## EXERCISE
The entries that follow must be given again exactly, with no pictures kept.

Web page caption snippets:

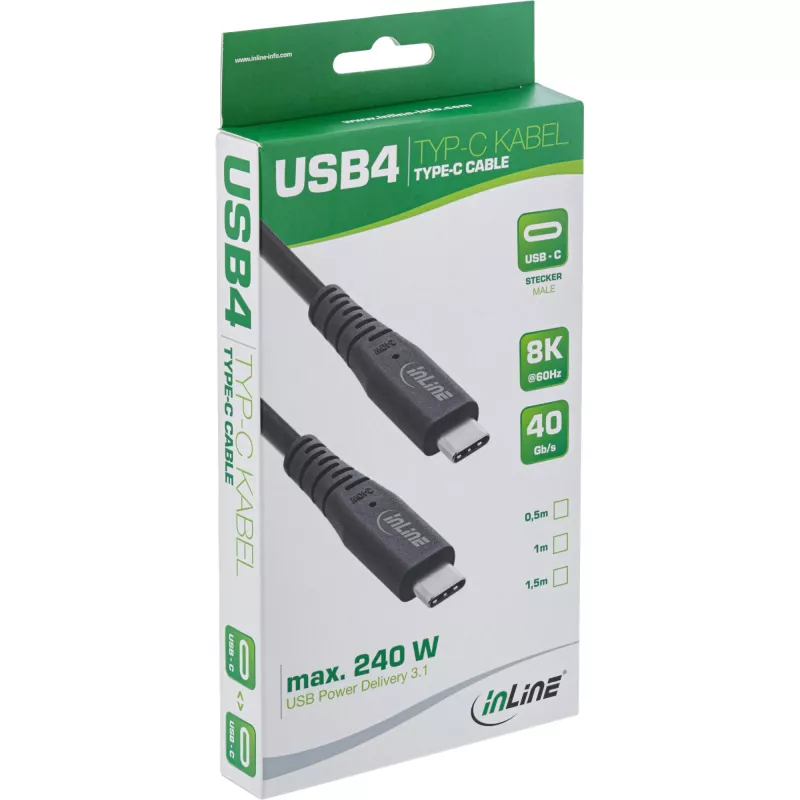 Kabel InLine USB4, USB-C męski/męski, PD 240 W, 8K60Hz, TPE czarny 0,5 m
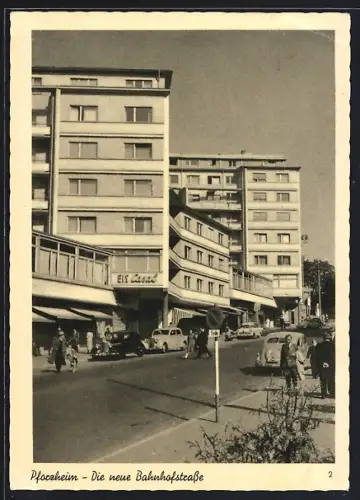 AK Pforzheim, Die neue Bahnhofstrasse mit Neubauten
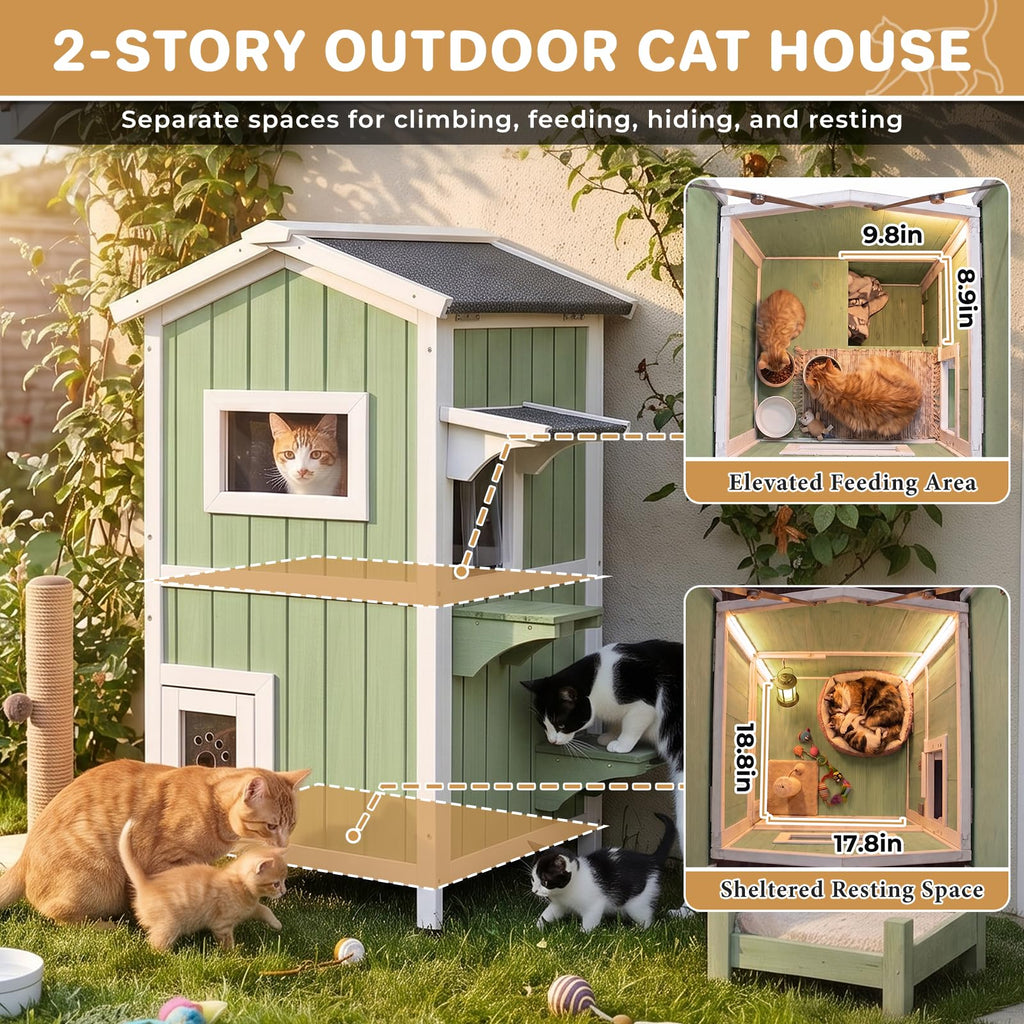 Weatherproof Wooden Outdoor Cat House G28258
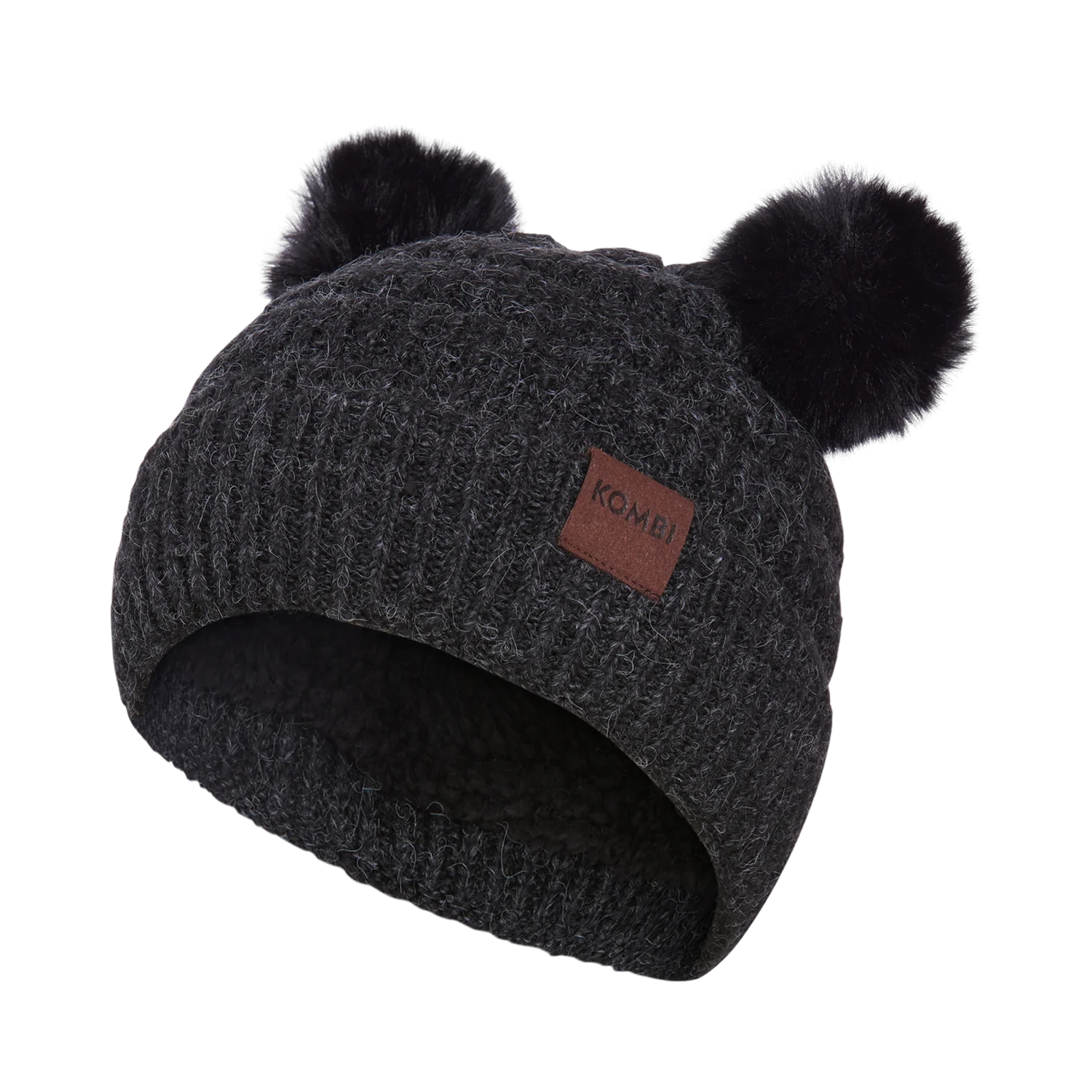 Kombi Black Cubbie Pom Pom Children's Hat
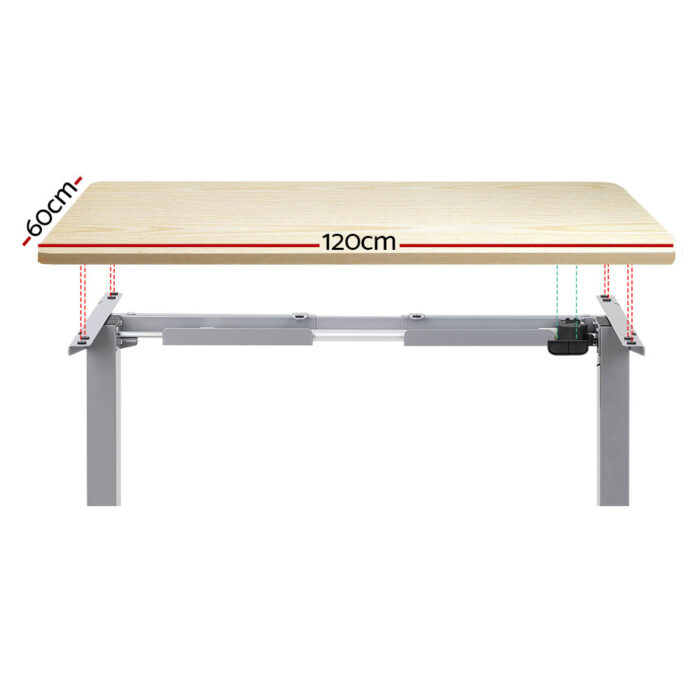 Artiss Standing Desk Motorised 120CM White Oak - Image 3
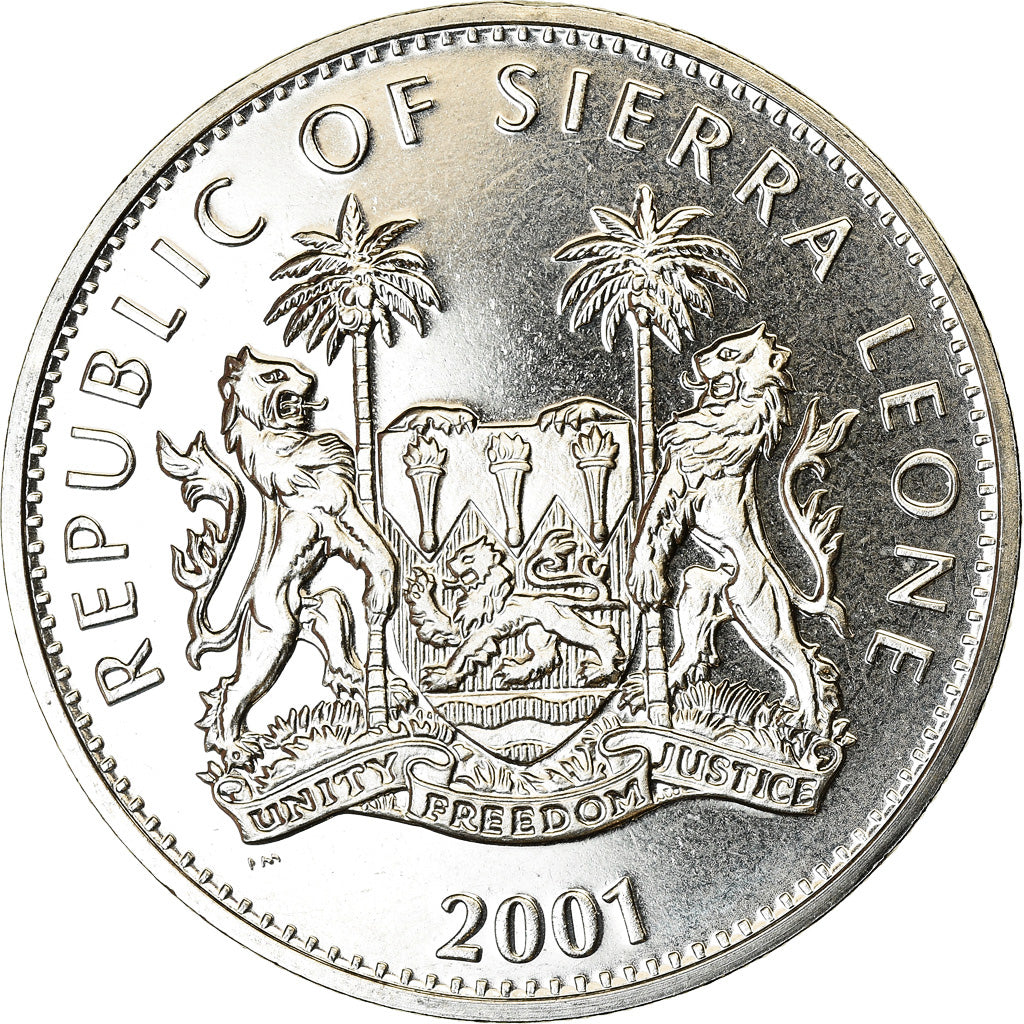 Coin, Sierra Leone, Dollar, 2001, British Royal Mint, Félins - Lion, MS(63)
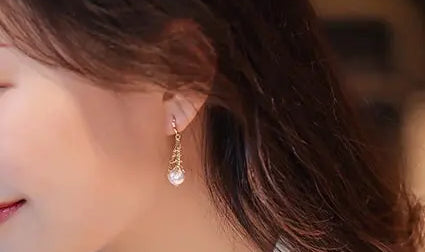 8mm Natural Japan Akoya Pearl Earrings 18k Solid Yellow Gold High Luster White Pearl Lace Earrings, Seawater Pearl, Anniversary Gift Idea Etsy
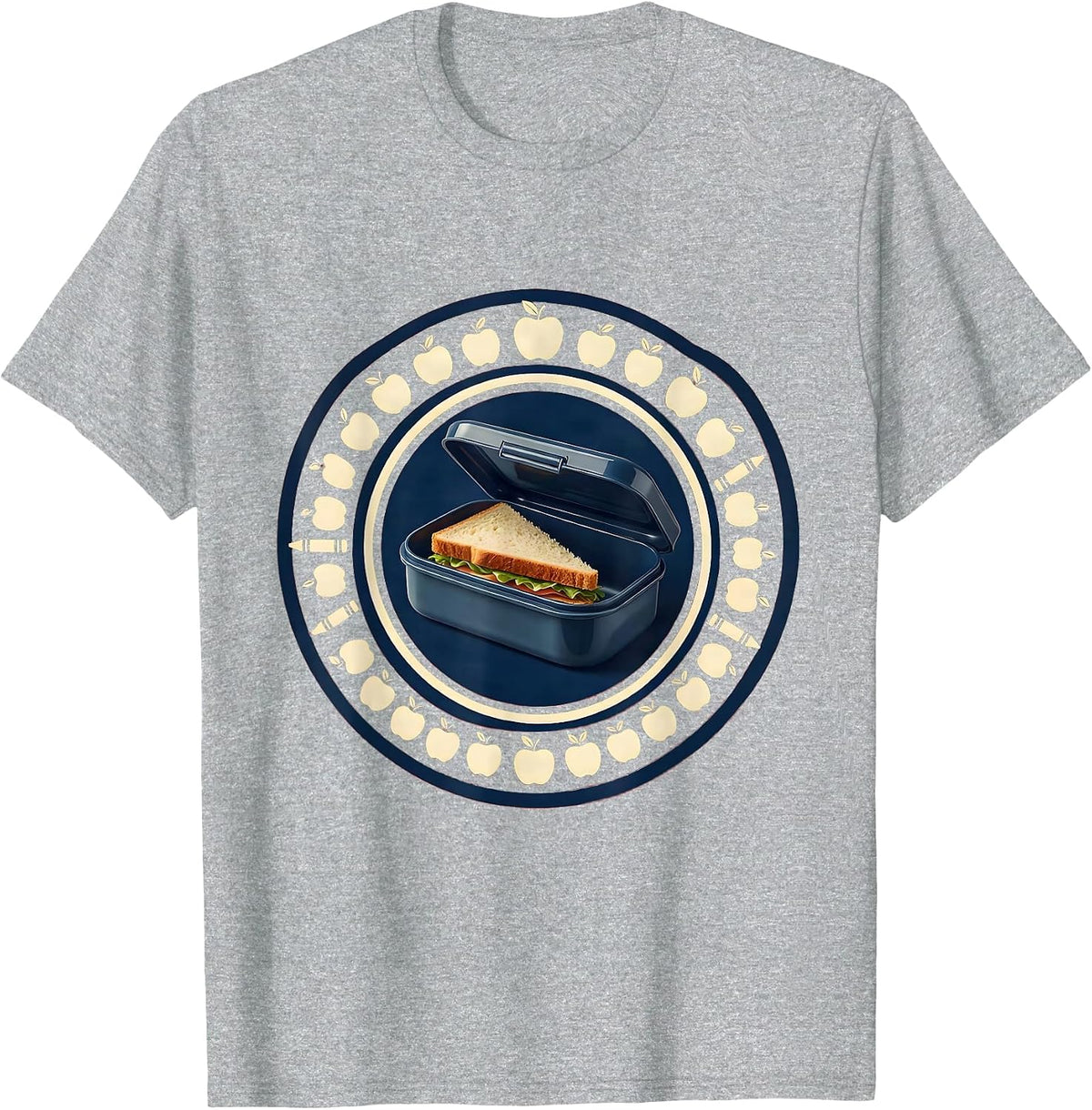 Men's Kindergarten Teacher Lunch Box Graphic T-Shirt - Heather Grey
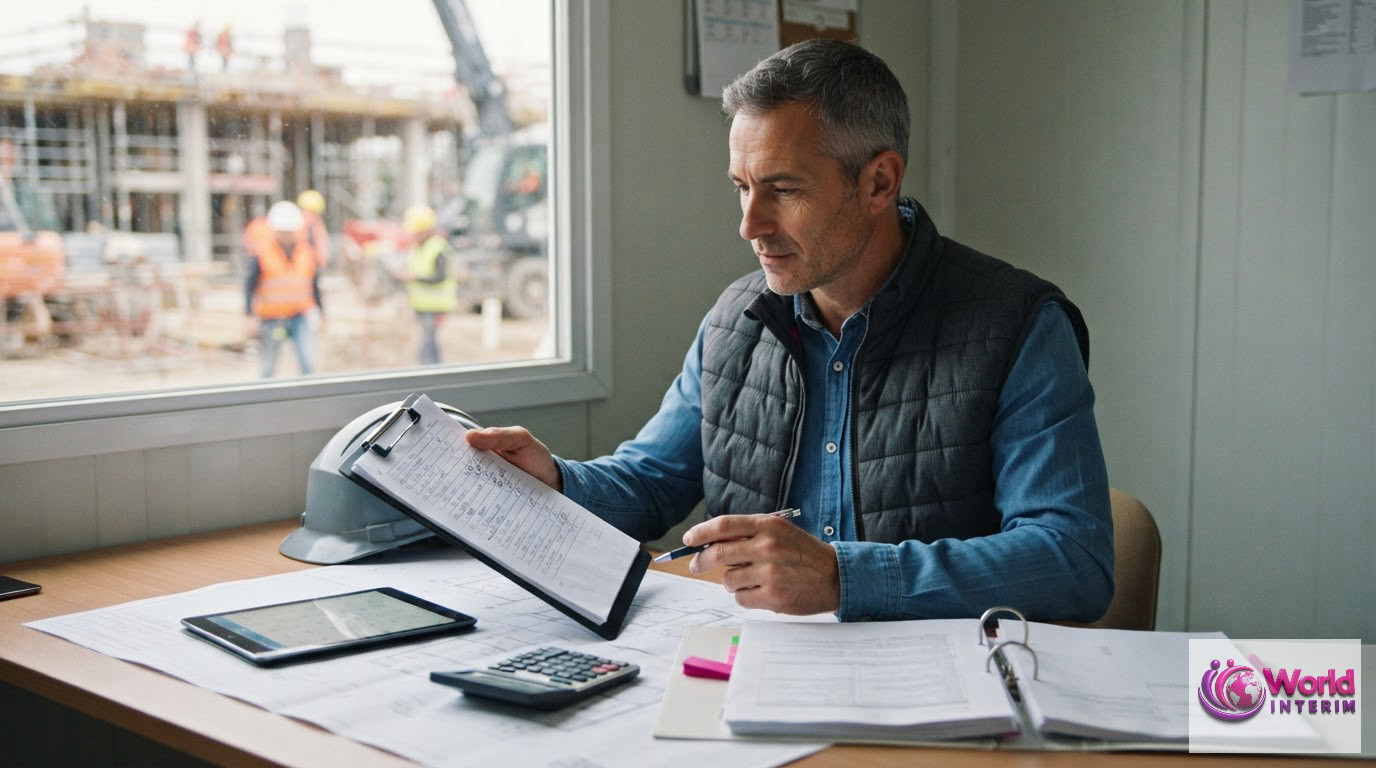 Un conducteur de travaux planifiant l'accueil et l'organisation d'une équipe.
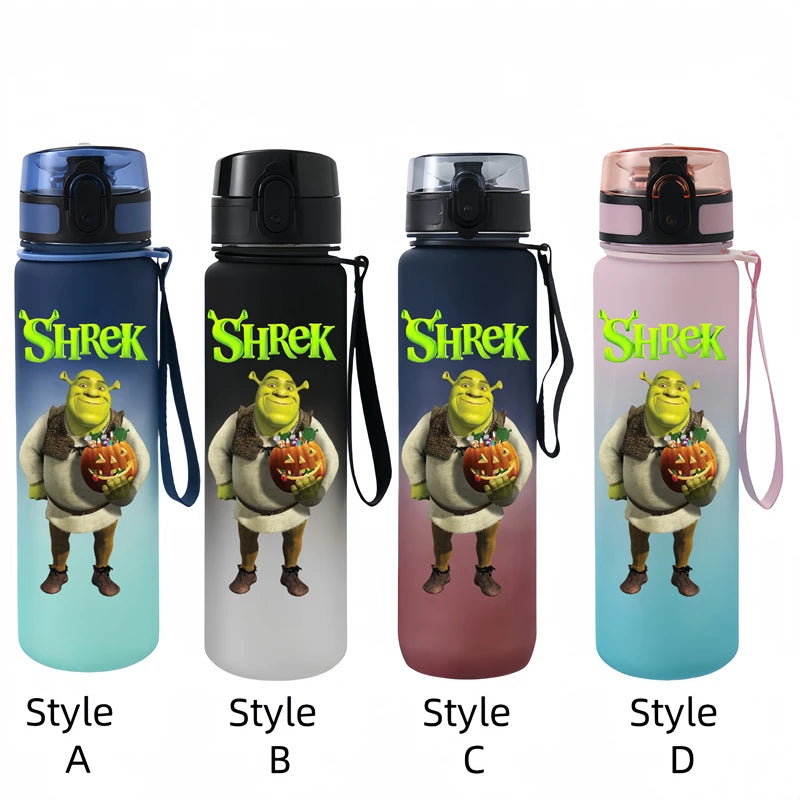 Shrek  650ml Cartoon Characters Portable Water Cup Large Capacity Outdoor Plastic Leak-proof Water Bottle Children's Gift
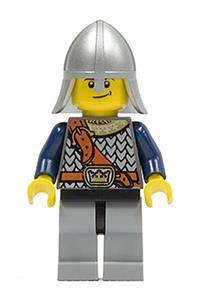 Crown Knight Guard Minifigure - Crown Knight from Fantasy Era with scale mail, helmet with neck protector, and a crooked smile - cas417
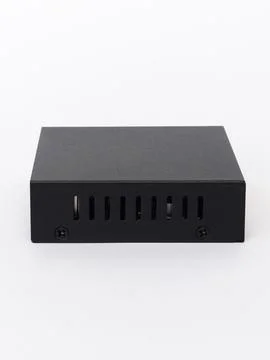 Black network switch front view with vents Stock Photos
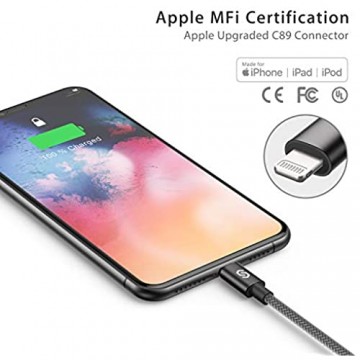 Syncwire iPhone Ladekabel 2M -【2020 Neueste C89-Chips】 Lightning Kabel [MFi Zertifiziert] für iPhone SE2/11 Pro Max/11 Pro/11/XS Max/XS/XR/X/8/8 Plus/7/7 Plus/6S/6S Plus/6/6 Plus/SE/5S iPad - Grau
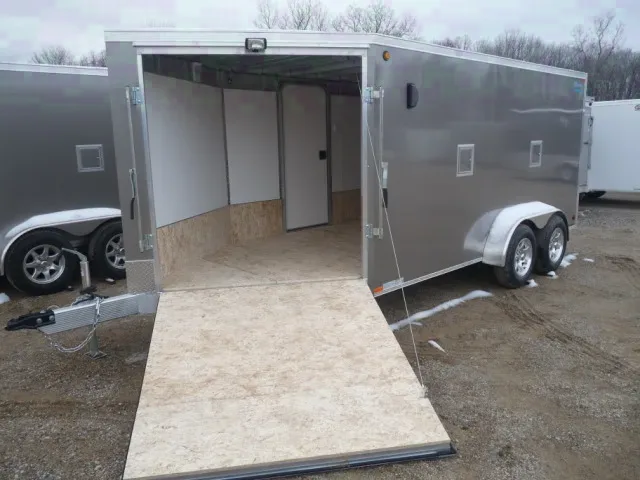 Pewter 19ft Sled Trailer w/White Walls and Ceiling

## WRITTEN SOLUTION
 Kabel InLine USB4, USB-C męski/męski, PD 240 W, 8K60Hz, TPE czarny 0,5 m
 AK Pforzheim, Die neue Bahnhofstrasse mit Neubauten
 Weatherproof Wooden Outdoor Cat House G28258
 Kombi Black Cubbie Pom Pom Children's Hat
 Artiss Standing Desk Motorised 120CM White Oak - Image 3
 Coin, Sierra Leone, Dollar, 2001, British Royal Mint, Félins - Lion, MS(63)
 8mm Natural Japan Akoya Pearl Earrings 18k Solid Yellow Gold High Luster White Pearl Lace Earrings, Seawater Pearl, Anniversary Gift Idea Etsy
 Men's Kindergarten Teacher Lunch Box Graphic T-Shirt - Heather Grey
 Un conducteur de travaux planifiant l'accueil et l'organisation d'une équipe.
 Shrek  650ml Cartoon Characters Portable Water Cup Large Capacity Outdoor Plastic Leak-proof Water Bottle Children's Gift
 Crown Knight Guard Minifigure - Crown Knight from Fantasy Era with scale mail, helmet with neck protector, and a crooked smile - cas417
 Black network switch front view with vents Stock Photos
 Syncwire iPhone Ladekabel 2M -【2020 Neueste C89-Chips】 Lightning Kabel [MFi Zertifiziert] für iPhone SE2/11 Pro Max/11 Pro/11/XS Max/XS/XR/X/8/8 Plus/7/7 Plus/6S/6S Plus/6/6 Plus/SE/5S iPad - Grau
 Pewter 19ft Sled Trailer w/White Walls and Ceiling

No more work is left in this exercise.